Quand on fait le plein de mots vides de sens

Mais la quête que j’imaginais facile se révéla rapidement un casse-tête : si c’est d’une main innocente que je me mis à feuilleter mon ouvrage de référence, mon regard, lui, s’avéra coquin, tombant d’emblée sur « bondage ». Cette « Pratique sexuelle sadomasochiste dans laquelle un des partenaires est attaché. » suggérait un mot à la chair bien sanglée. De vide, ici, point.

Cela n’entrava pas longtemps mes recherches, poursuivies en débusquant « convent », soit une « Assemblée générale de francs-maçons. » Voilà qui ne cimentait guère ma certitude sincère de voir le vide s’inscrire en toutes lettres sous mes yeux, puisque par essence, le dictionnaire, en comblant mes lacunes, empêchait systématiquement qu’un néant quelconque s’installe dans mon esprit. Alors ?

L’évidence me frappa : il fallait remonter aux sources du vide. Pas celles imaginées par Cioran dans « Syllogismes de l’amertume » – bien qu’une phrase d’Emil telle que « Ces idées qui survolent l’espace, et qui, tout à coup, se heurtent aux parois du crâne… » évoque étrangement des mots, les doigts des idées, fouillant aveuglément une conscience humaine désertique jusqu’à ses limites osseuses.

 

On s’approche du néant

Non, ces mots errant dans un infini portatif souffriraient sans doute de n’être pas redéfinis comme R.G l’entendait. Au lieu du bel habit à l’étoffe lexicale épaissie d’un nouveau sens risquaient de surgir les lambeaux des vieux discours dont on s’attife plus qu’on les porte. C’est bien à la source dictionnairique du vide qu’il fallait que je m’abreuve urgemment, aussi les pages défilèrent-elles sous mes doigts impatients  – vous n’avez pas idée ! –  jusqu’au « V » de la victoire sur l’incompréhension (je n’en doutais pas).

À l’entrée « vide », c’était plein.

Je comptai quarante-cinq lignes, non pas pour ne rien m’expliquer, mais afin de m’expliquer le rien. Retenant l’essentiel, « Qui ne contient rien de perceptible », j’étais confronté à quelque chose sans accès ni issue, une sorte de notion de toute éternité qui semblait dès le commencement devoir me faire rester sur ma fin. Tout au plus pouvais-je mesurer l’espace séparant « vidangeur » de « vidéaste » – environ 36 centimètres carrés de papier –, le « vide » entre les mots, mais pas les mots vides.

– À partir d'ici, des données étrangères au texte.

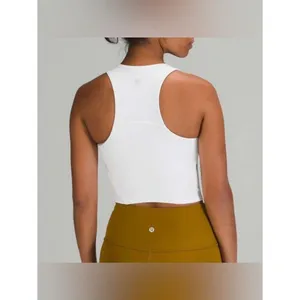 Lululemon Invigorate Training White Cropped Athletic Tank Top Women’s Size 2 thumbnail 2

L’heure avançant, je renonçai provisoirement, sans m’effrayer à la perspective de voir se dresser d’autres obstacles devant moi, car c’est impavide qu’on triomphe de tous les maux. Je sortis et démarrai ma voiture : je devais faire le plein.

(1) Cette phrase est tirée d’un article : Raphaël Enthoven face à Raphaël Glucksman, Le Magazine Littéraire, N° 6 – juin 2018.